**Exercise objective**
Without the pictures, print the lines from the one holding "スカルハロウィーン赤ちゃんシャワーベビー本 エンクロージャーカード" through the last line below, both included, exactly as they stand.

**Data for review**
_ _ _ _ _

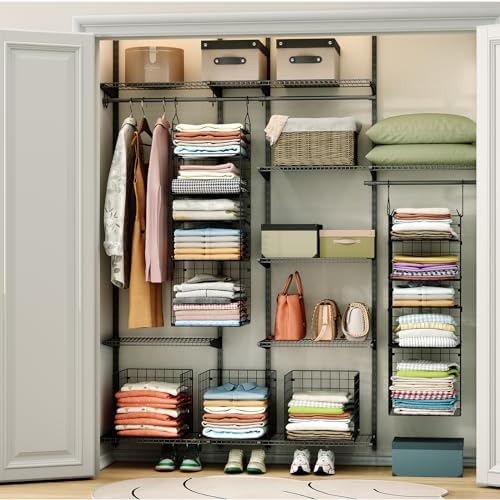 X-cosrack Hanging Closet Organizer and Storage - 5-Tier Closet Storage Organizer Baskets for Clothes & Adjustable Collapsible Metal Closet Hanging Organizer Shelves for Sweaters Shoes Handbags - Image 5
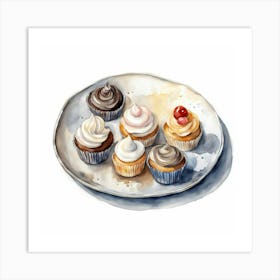 Watercolor Cupcakes On A Plate Art Print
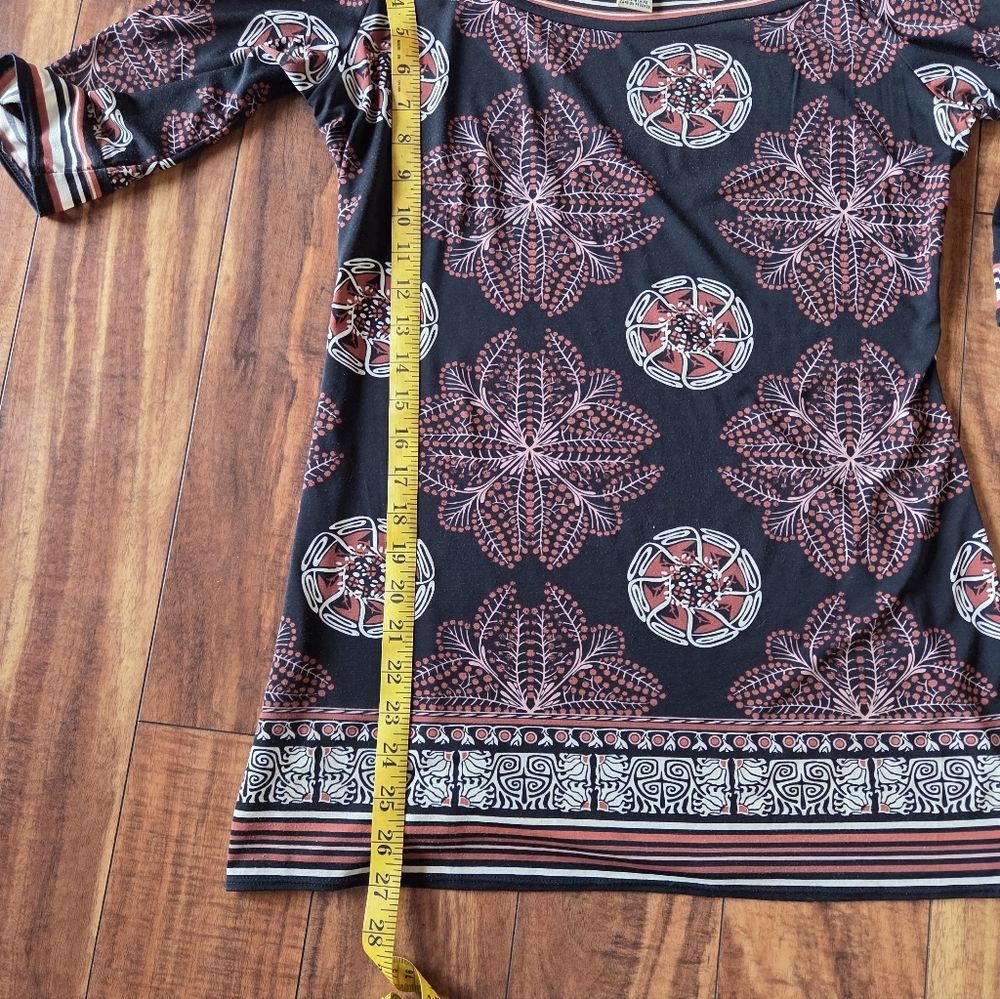 Max Studio Black & Rust Patterned Boatneck Tunic … - image 5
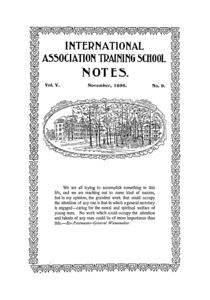 The International Association Training School Notes (vol. 5 no. 9), November, 1896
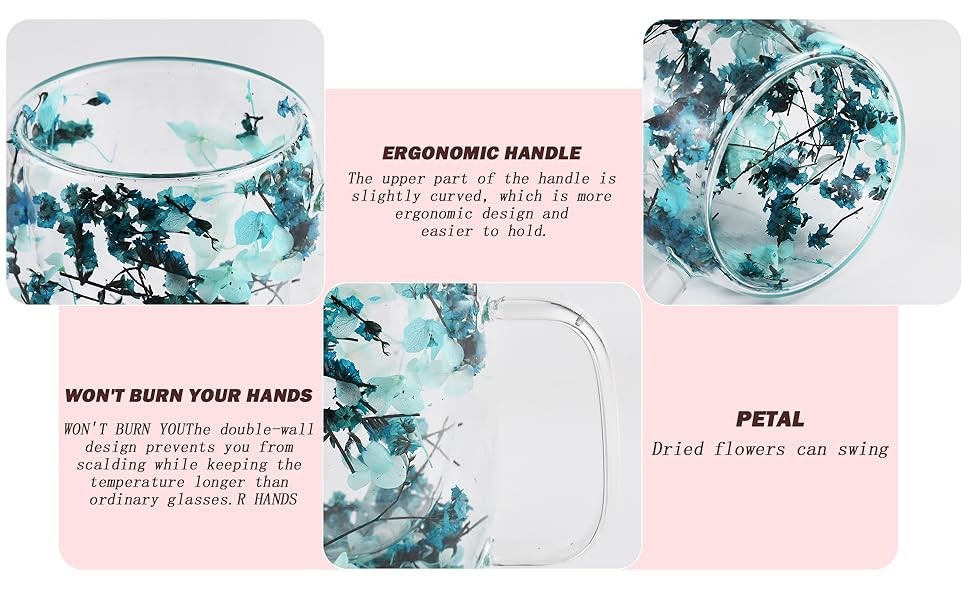 Real Flower Glass Tea Cup, Double Wall Borosilicate Coffee Mug with Preserved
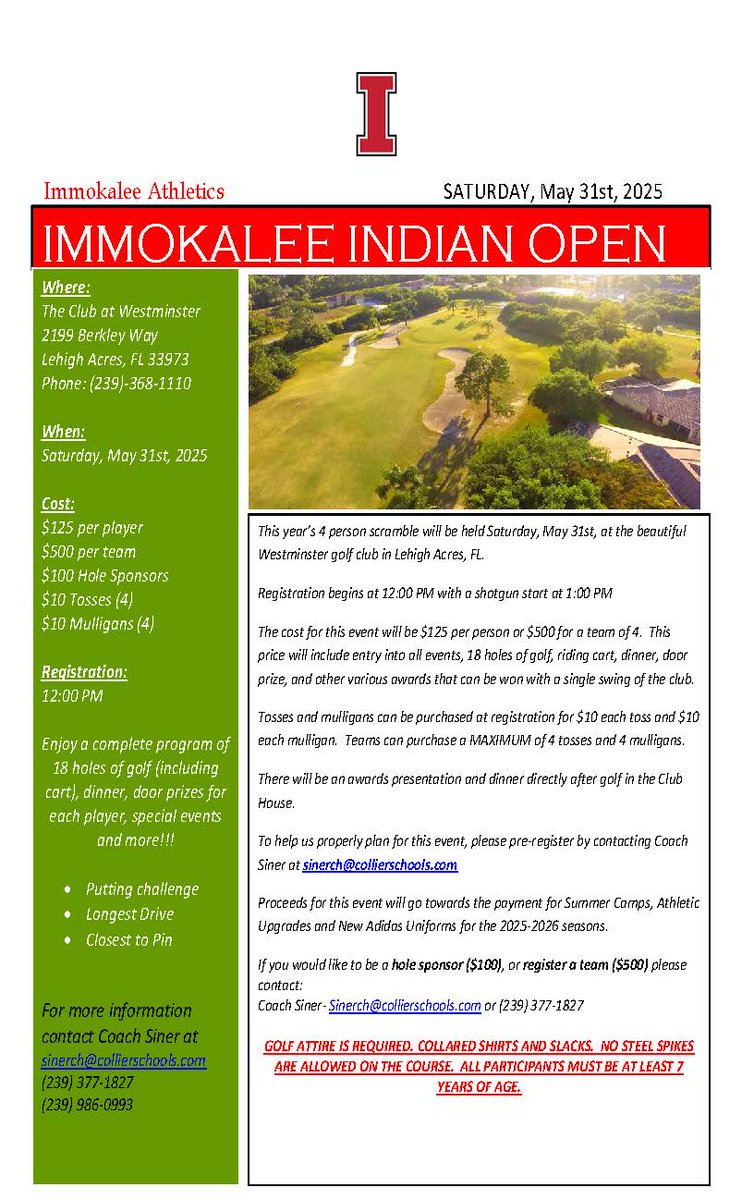 The IHS Golf Tournament is coming up on May 31st!  We still have a couple of more spots for teams to join.  If you are interested in playing or becoming a hole sponsor,  please contact Coach Siner.
#GoIndians #Redwood20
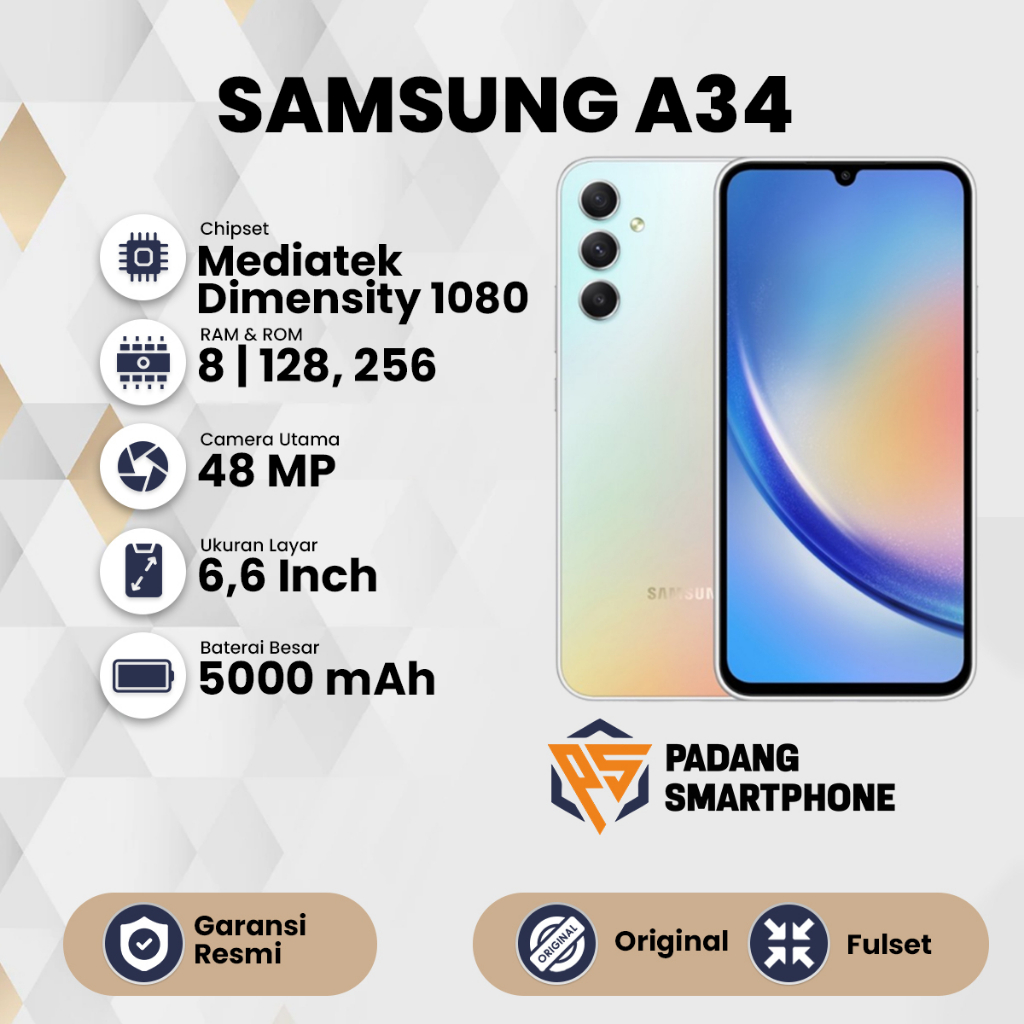 Samsung Galaxy A34 5G 8/128 8/256 GB RAM 8 ROM 128 256 8GB 128GB 256GB HP Smartphone Android Garansi Seindonesia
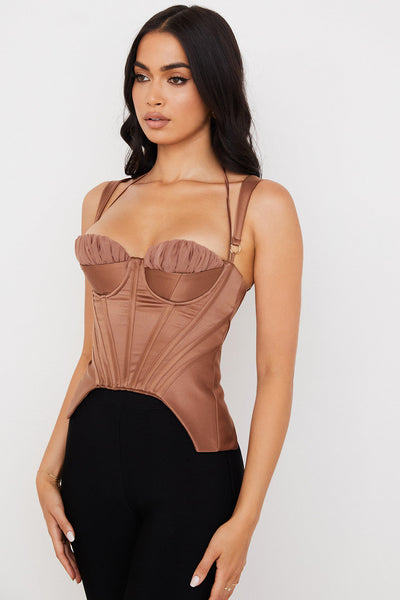Helvara - Toffee Satin Corset with Peplum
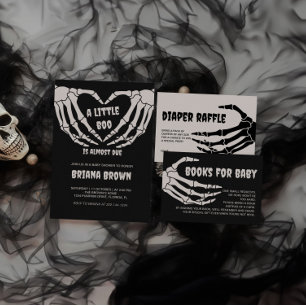 スカルハロウィーン赤ちゃんシャワーベビー本 エンクロージャーカード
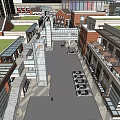 Vibrant Modern Commercial Street with Glass Facade Billboards and Evening Pedestrian Crowds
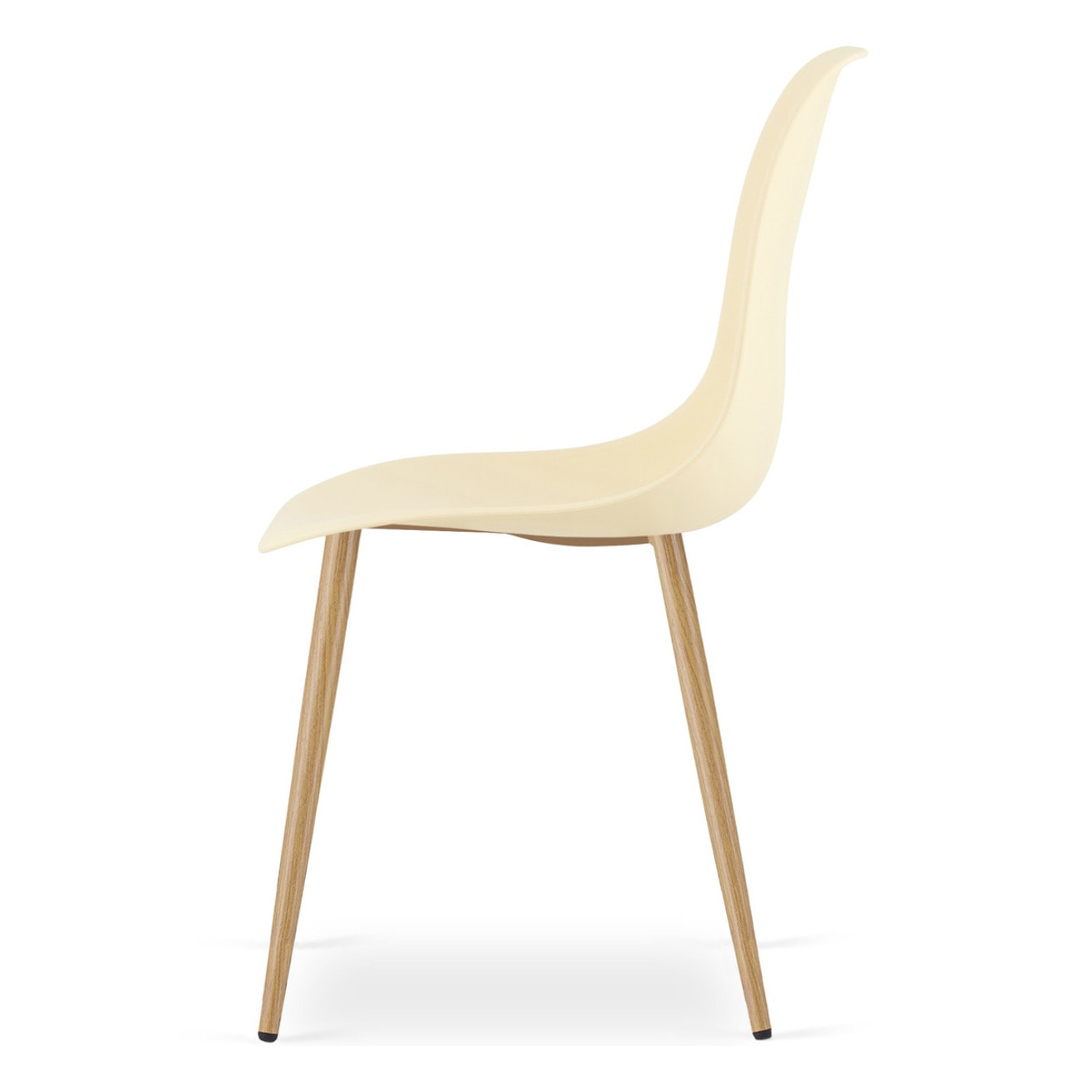 Sedia moderna WAT crema con gambe effetto legno naturale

_ _ _ _ _

**Solved exercise**
 スカルハロウィーン赤ちゃんシャワーベビー本 エンクロージャーカード
 Vibrant Modern Commercial Street with Glass Facade Billboards and Evening Pedestrian Crowds
 Sedia moderna WAT crema con gambe effetto legno naturale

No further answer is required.